The records

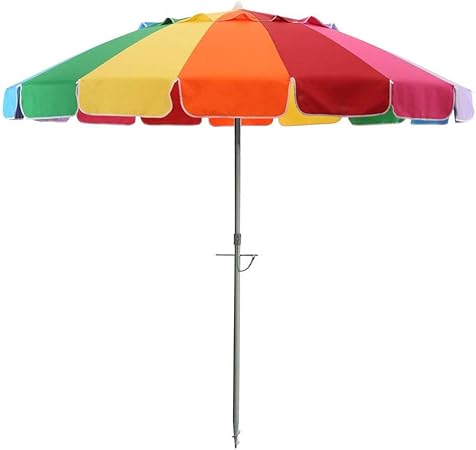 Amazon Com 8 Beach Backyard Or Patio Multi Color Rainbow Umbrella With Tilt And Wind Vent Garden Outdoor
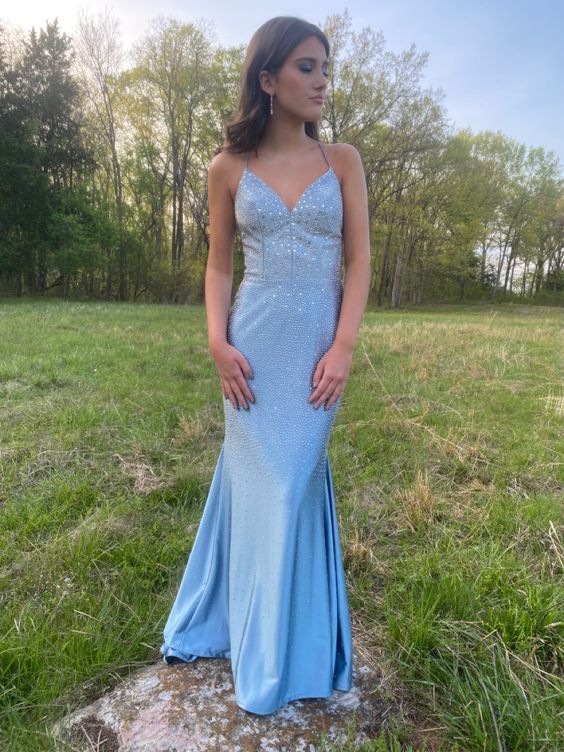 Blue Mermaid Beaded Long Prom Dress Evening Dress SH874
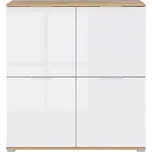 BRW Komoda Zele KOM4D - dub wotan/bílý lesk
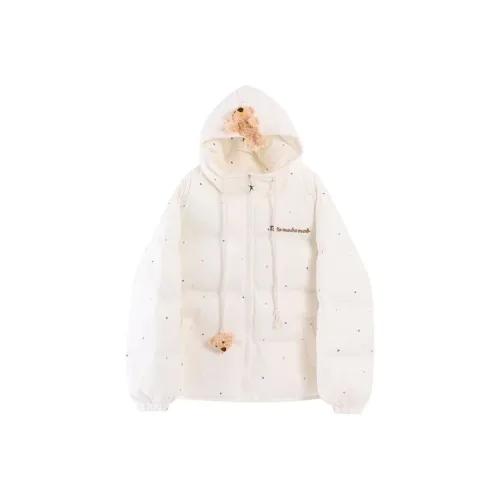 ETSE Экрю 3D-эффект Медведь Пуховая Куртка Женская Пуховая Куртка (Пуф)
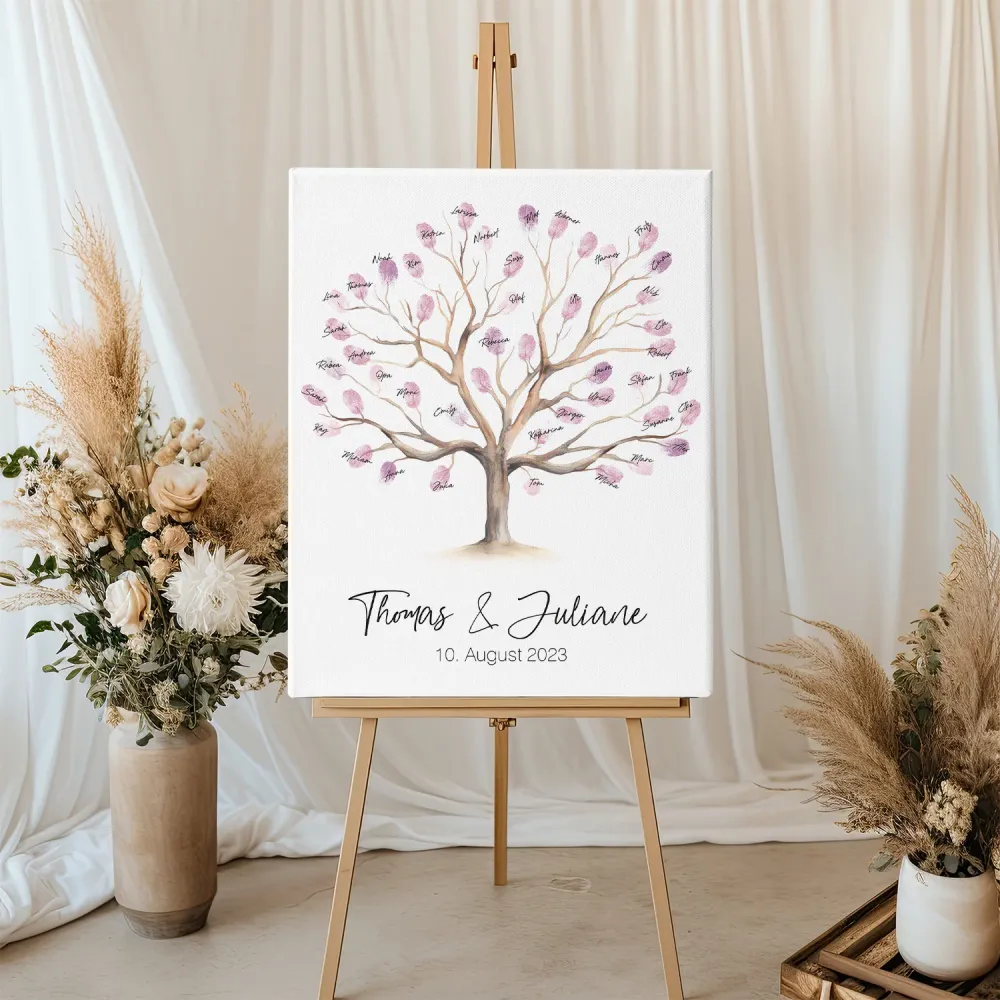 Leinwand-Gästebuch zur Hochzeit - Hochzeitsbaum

...

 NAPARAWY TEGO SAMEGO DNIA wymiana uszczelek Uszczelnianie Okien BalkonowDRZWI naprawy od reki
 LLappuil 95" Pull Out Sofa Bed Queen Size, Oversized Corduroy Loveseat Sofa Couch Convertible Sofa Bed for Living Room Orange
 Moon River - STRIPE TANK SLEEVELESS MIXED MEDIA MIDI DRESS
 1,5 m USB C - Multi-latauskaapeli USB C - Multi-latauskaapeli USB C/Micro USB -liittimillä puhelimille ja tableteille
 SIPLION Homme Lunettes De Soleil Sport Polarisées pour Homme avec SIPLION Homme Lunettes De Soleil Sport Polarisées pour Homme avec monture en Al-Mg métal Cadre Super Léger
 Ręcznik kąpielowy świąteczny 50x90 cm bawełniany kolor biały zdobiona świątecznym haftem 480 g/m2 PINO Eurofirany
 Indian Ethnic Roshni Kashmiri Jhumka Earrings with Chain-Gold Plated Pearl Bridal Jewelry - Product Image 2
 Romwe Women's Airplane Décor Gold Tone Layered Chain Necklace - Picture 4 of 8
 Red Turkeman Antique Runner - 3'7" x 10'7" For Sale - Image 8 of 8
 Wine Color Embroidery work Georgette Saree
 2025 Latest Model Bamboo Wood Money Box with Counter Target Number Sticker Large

* * *

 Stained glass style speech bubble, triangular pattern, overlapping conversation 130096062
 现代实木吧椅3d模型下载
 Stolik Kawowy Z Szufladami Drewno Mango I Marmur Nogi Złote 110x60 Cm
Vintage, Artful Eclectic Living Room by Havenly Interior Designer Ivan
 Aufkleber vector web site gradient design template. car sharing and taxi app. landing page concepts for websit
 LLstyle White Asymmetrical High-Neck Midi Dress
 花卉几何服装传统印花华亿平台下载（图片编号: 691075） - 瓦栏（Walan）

Exercise instructions
Please return all lines from the records that hold the word "Chain".

Task solution
 Indian Ethnic Roshni Kashmiri Jhumka Earrings with Chain-Gold Plated Pearl Bridal Jewelry - Product Image 2
 Romwe Women's Airplane Décor Gold Tone Layered Chain Necklace - Picture 4 of 8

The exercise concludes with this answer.